I opened an account as an agreement with my teenage son to being able to monitor his account. I log on once a month to find friend requests from people I'm happy to have forgotten and 120 ridiculous coffees and beers and shet. Nice to be able to catch up with friends that have moved out of province but if I spend 30 minutes once a month there, thats it.
This is exactly what I did. :facebooknanny:I got requests from some relatives in CA that I don't get to talk to too much, so that was cool. However, I also regrettably accepted requests from neighbors who insist on updating the world on their decorating conquests and social calendars :deadhorse:

 
From today's NY Times:

Friends, Until I Delete You

By DOUGLAS QUENQUA

A PERSON could go mad trying to pinpoint the moment he lost a friend. So seldom does that friend make his feelings clear by sending out an e-mail alert.

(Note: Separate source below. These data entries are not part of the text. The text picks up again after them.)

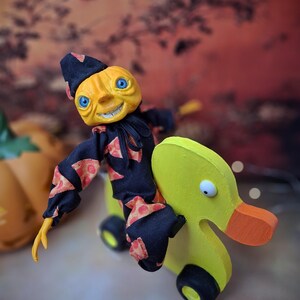 Side view from the right of the handmade art doll, arms outstretched while playfully pushing a wooden wheeled duck toy, showing her whimsical outfit and hand-painted details.
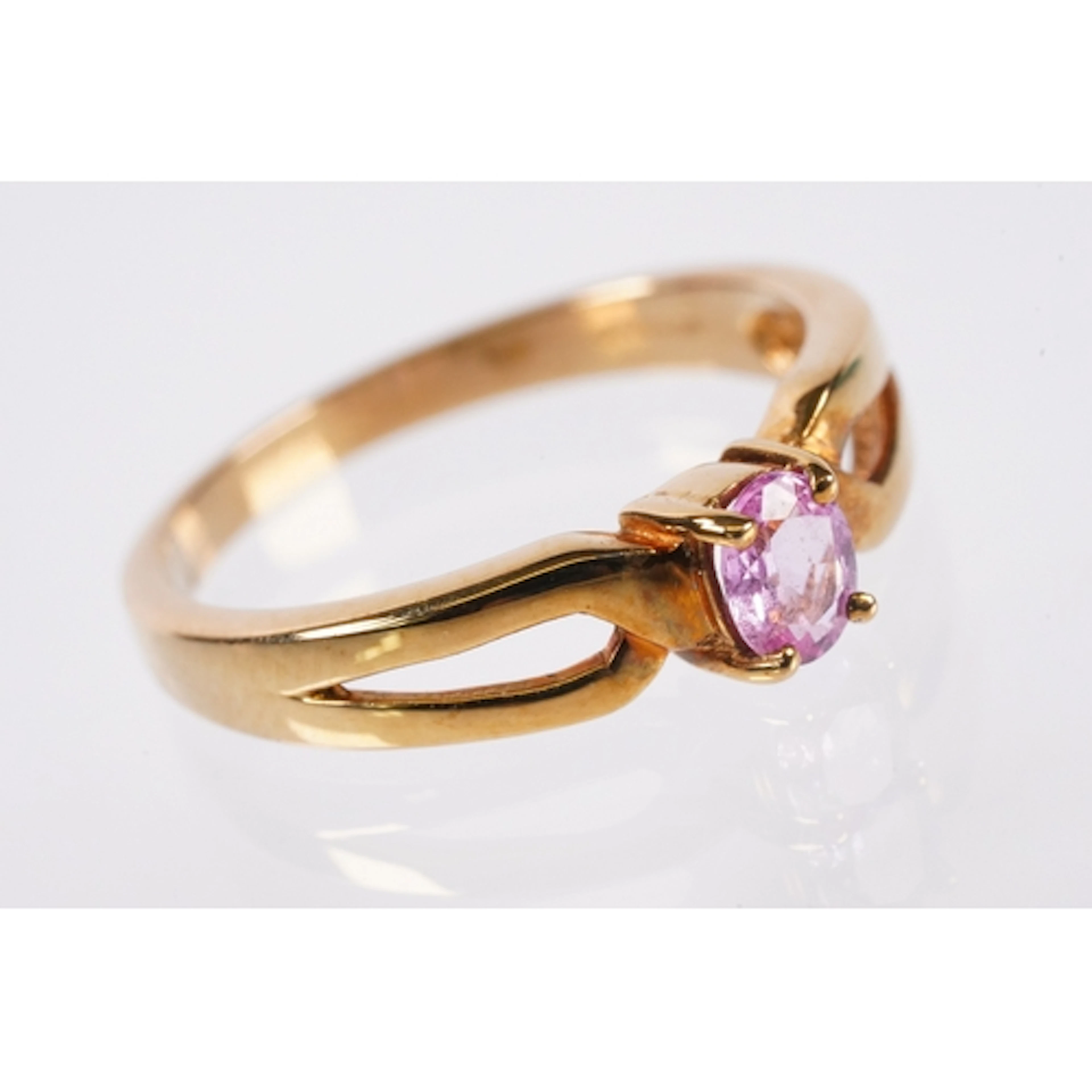 9ct gold and pink sapphire ring. The ring being set with an ...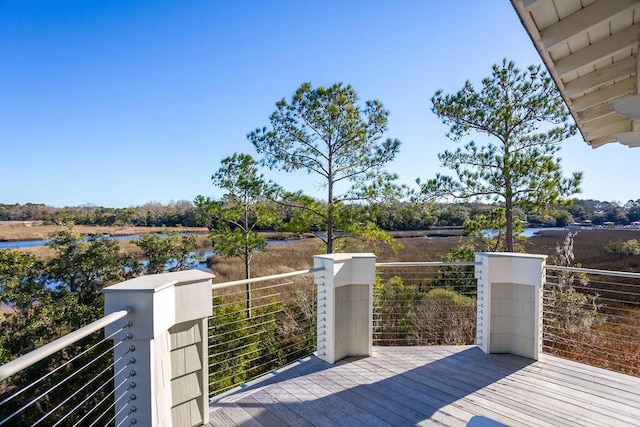 wooden terrace featuring a water view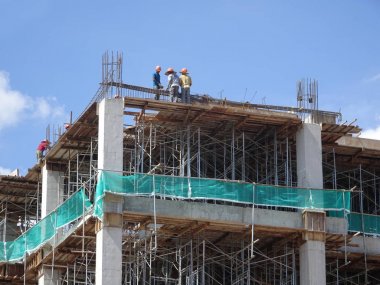 Kuala Lumpur, Malezya-07 Temmuz 2017: inşaat işçileri yükseklikte inşaat alanında çalışıyor. İskele geçici platformu olarak çalışmak için kullanma. Onlar uygun güvenlik dişli giymek için gerekli olan. 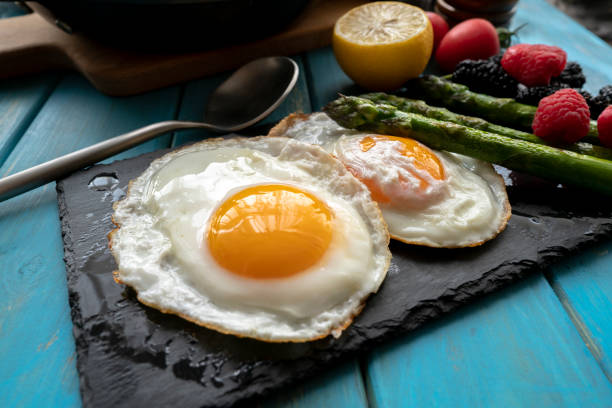 istock fried eggs, vegetables and fruits on breakfast table 1143633485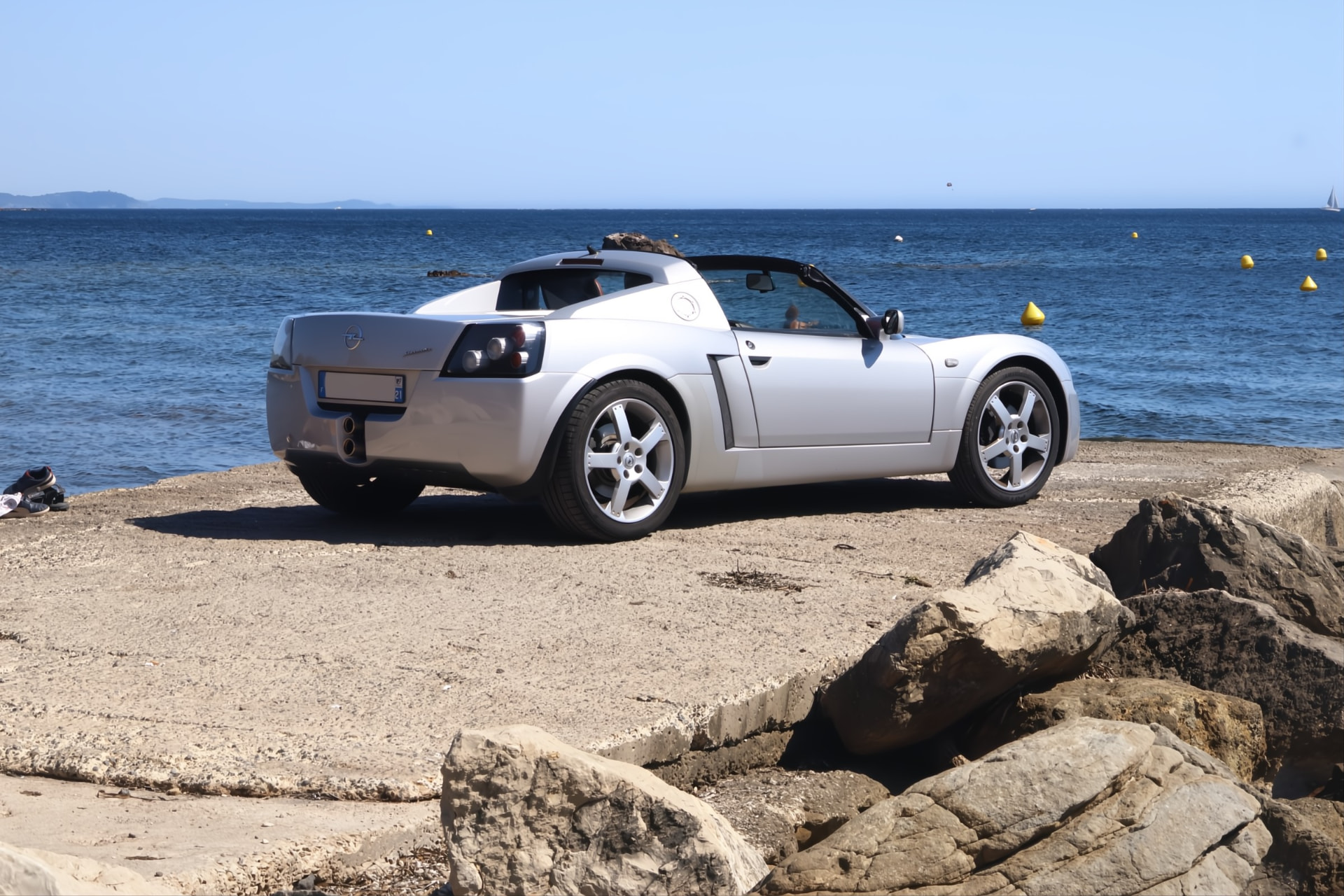 Opel Speedster argent vu de trois-quarts arrière au bord de l'eau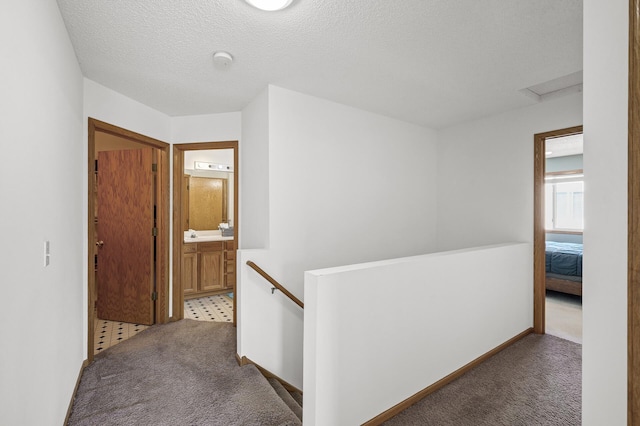 corridor with baseboards, carpet floors, attic access, a textured ceiling, and an upstairs landing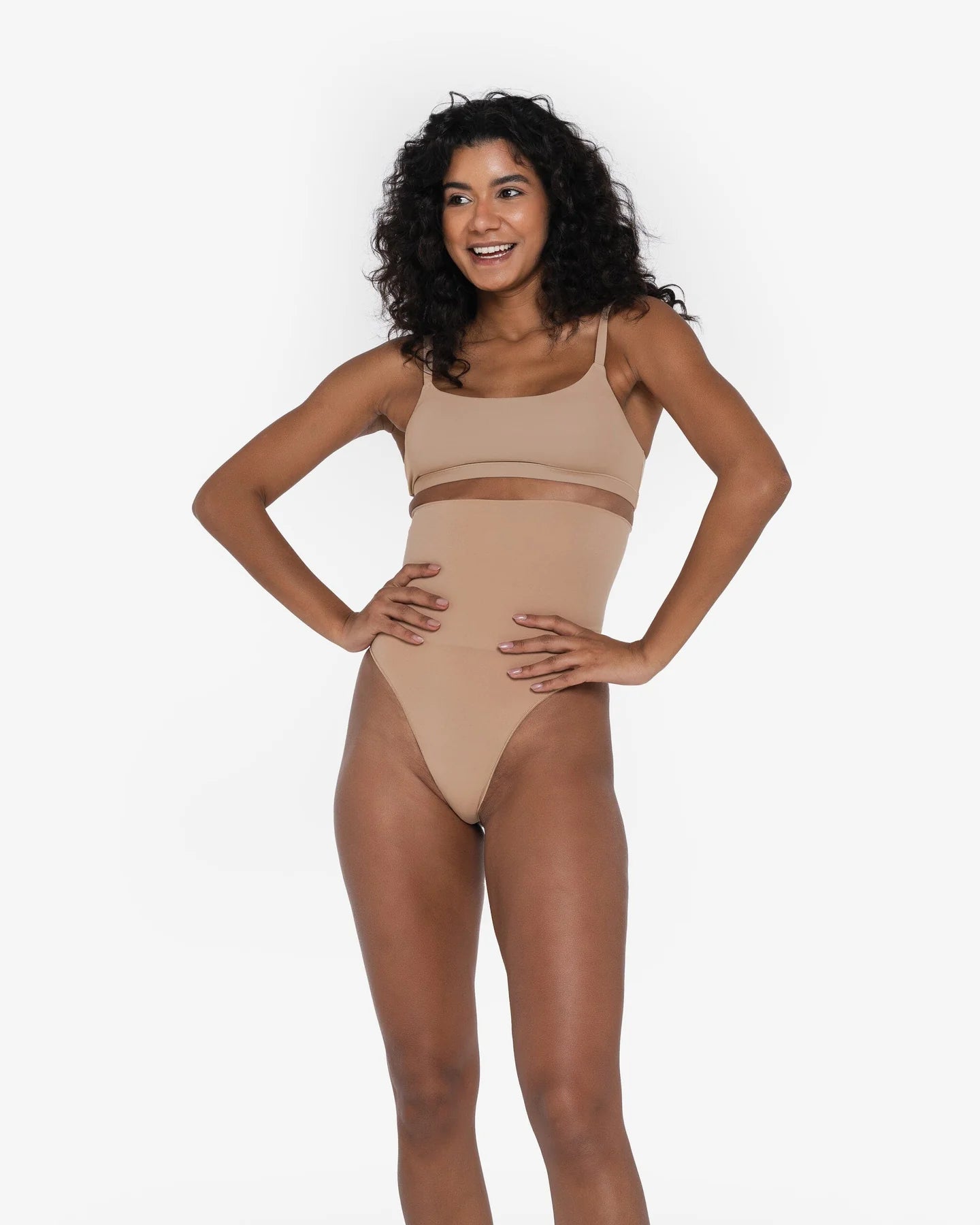 Woman wearing beige high waist thong in standing pose — Underhance | Endless UAE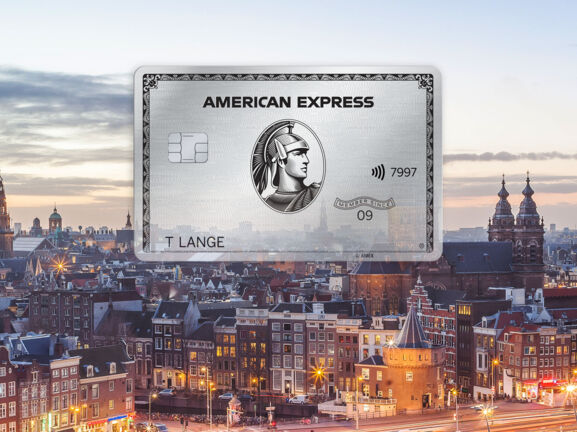 Fotocollage mit Freisteller einer silbernen Kreditkarte von American Express vor dem Stadtpanorama von Amsterdam in der Abenddämmerung.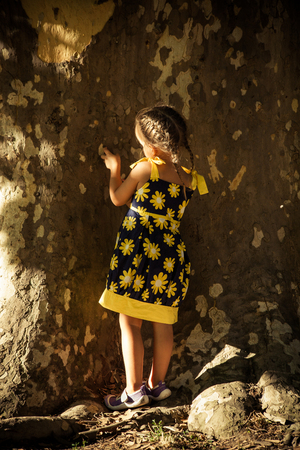 little girl in cute dress stand by huge tree play with bark back shot summer day in parkの写真素材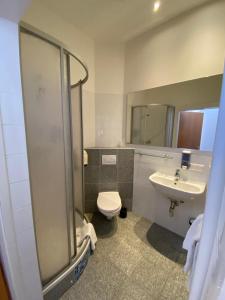 Koupelna v ubytování Kolbeck Rooms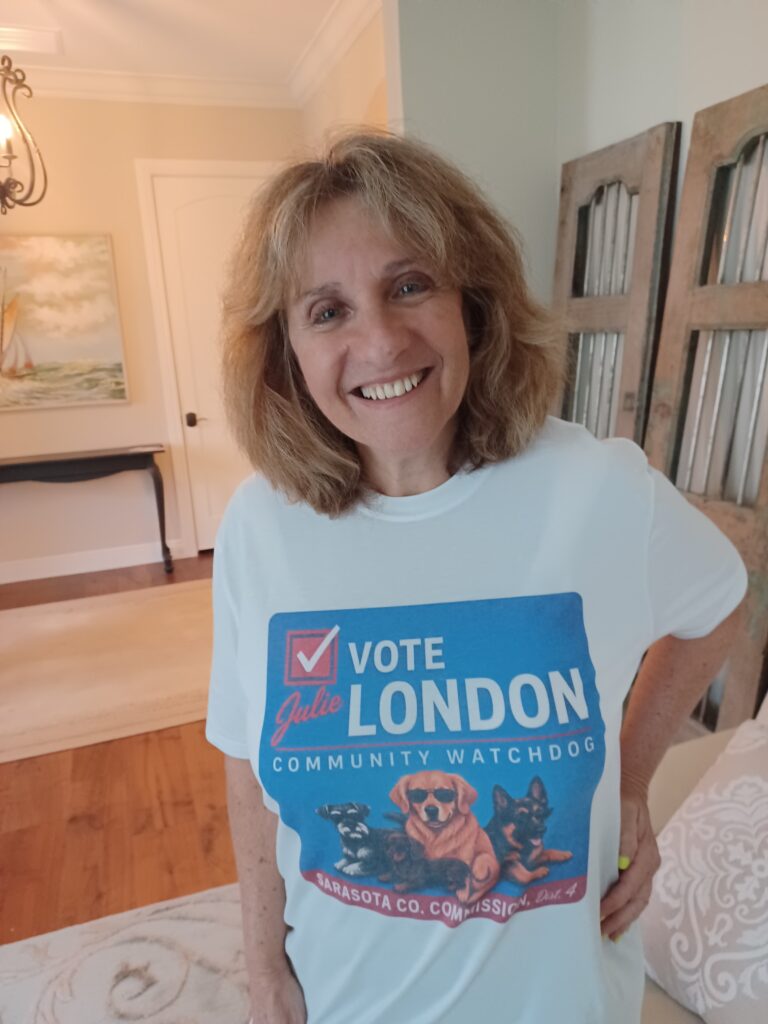 Julie London smiling and wearing a "Vote London, community watchdog" t-shirt with an illustration of three dogs wearing suglasses.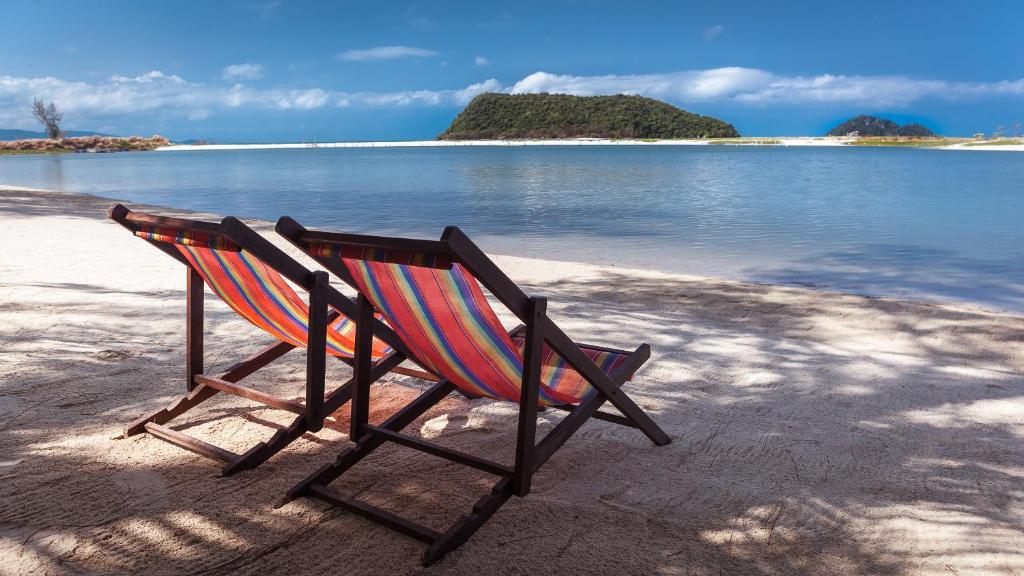 通萨拉班蒙拉里度假酒店的坐在海滩上靠近水面的摇椅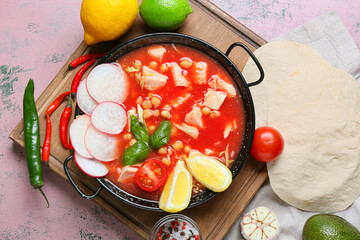 Frying pan with delicious homemade pozole soup on color background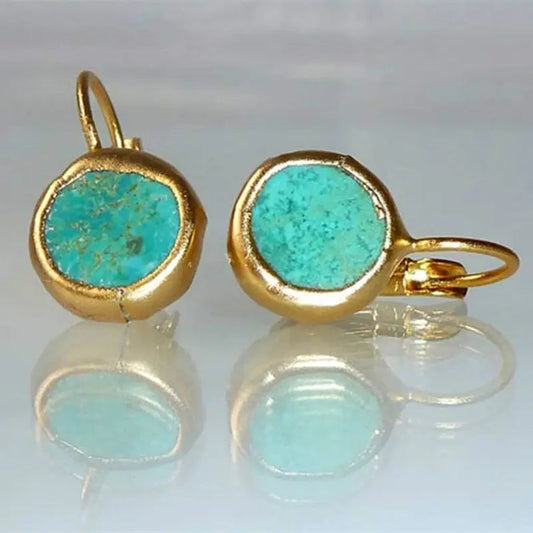 Elegante goldene Ohrringe mit Türkisstein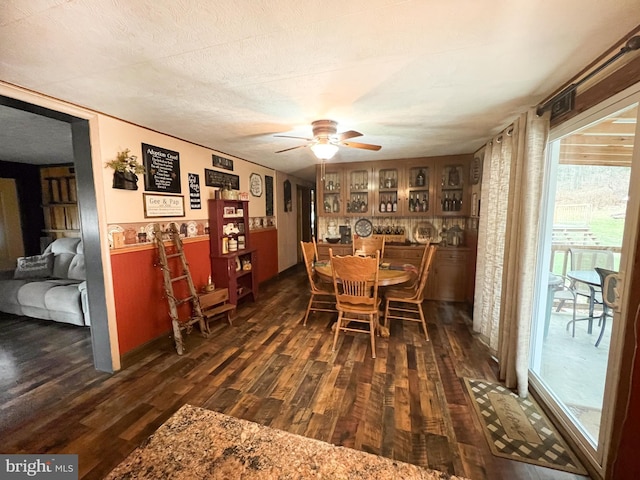 dining space with ceiling fan, dark wood-type flooring, and a textured ceiling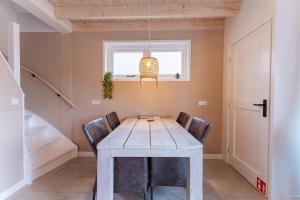 Welcome in - Vakantiehuis Schoolstraat 6a I Vrouwenpolder met royale tuin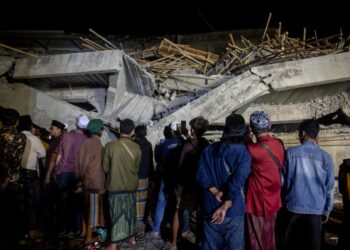 Parientes parados frente a un edificio colapsado durante una operación de rescate en un internado islámico.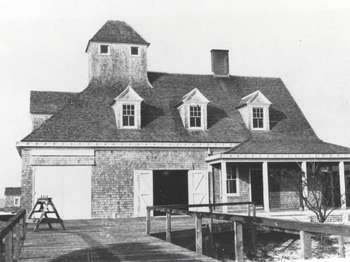 A black and white photo of a white wood sided two-story building with many windows and white doors. A wooden boardwalk in the foreground. Two people standing on the left in the background.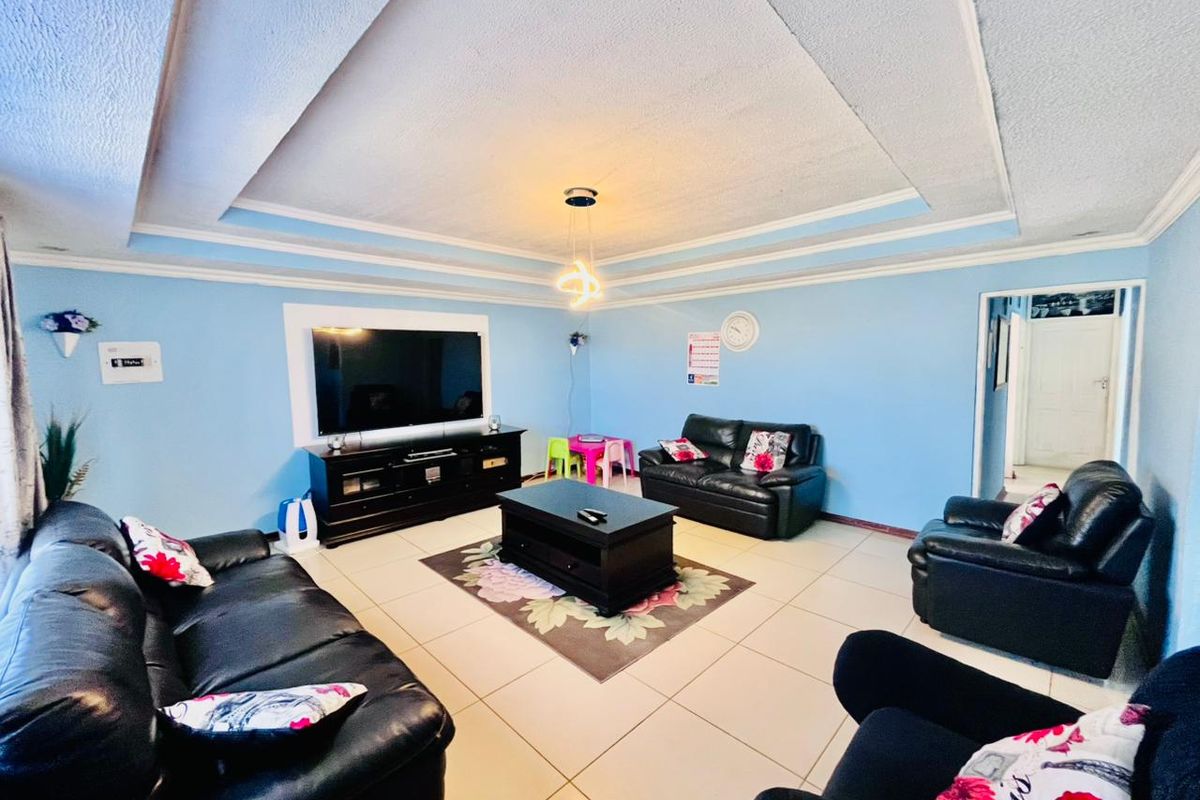 Spacious living room featuring a recessed tray ceiling with integrated lighting and neutral floor tiling.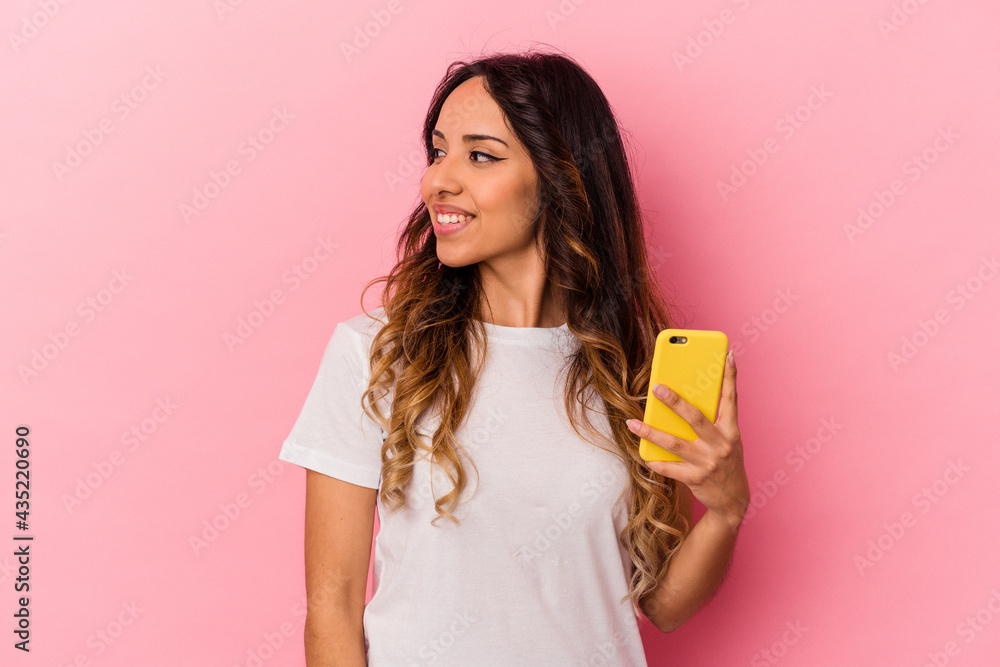 Young mexican woman holding a mobile phone isolated on pink background looks aside smiling, cheerful and pleasant. Young mexican woman holding a mobile phone isolated on pink background looks aside smiling, cheerful and pleasant.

It’s not just a fact of life, but also a policy on Facebook. While many trivial actions do prompt Facebook to post an alert to all your friends — adding a photo, changing your relationship status, using Fandango to buy tickets to “Paul Blart: Mall Cop” — striking someone off your list simply is not one of them.

It is this policy that Burger King ran afoul of this month with its “Whopper Sacrifice” campaign, which offered a free hamburger to anyone who severed the sacred bonds with 10 of the friends they had accumulated on Facebook. Facebook suspended the program because Burger King was sending notifications to the castoffs letting them know they’d been dropped for a sandwich (or, more accurately, a tenth of a sandwich).

The campaign, which boasted of ending 234,000 friendships, is history now — Burger King chose to end it rather than tweak it to fit Facebook’s policy — but the same can hardly be said of the emerging anxiety it tapped. As social networking becomes ubiquitous, people with an otherwise steady grip on social etiquette find themselves flummoxed by questions about “unfriending” people: how to do it, when to do it and how to get away with it quietly.

“If someone with more than 1,000 friends unfriends me, I get offended,” said Greg Atwan, an author of “The Facebook Book,” a satirical guide. “But if someone only has 100 friends, you understand they’re trying to limit it to their intimates.”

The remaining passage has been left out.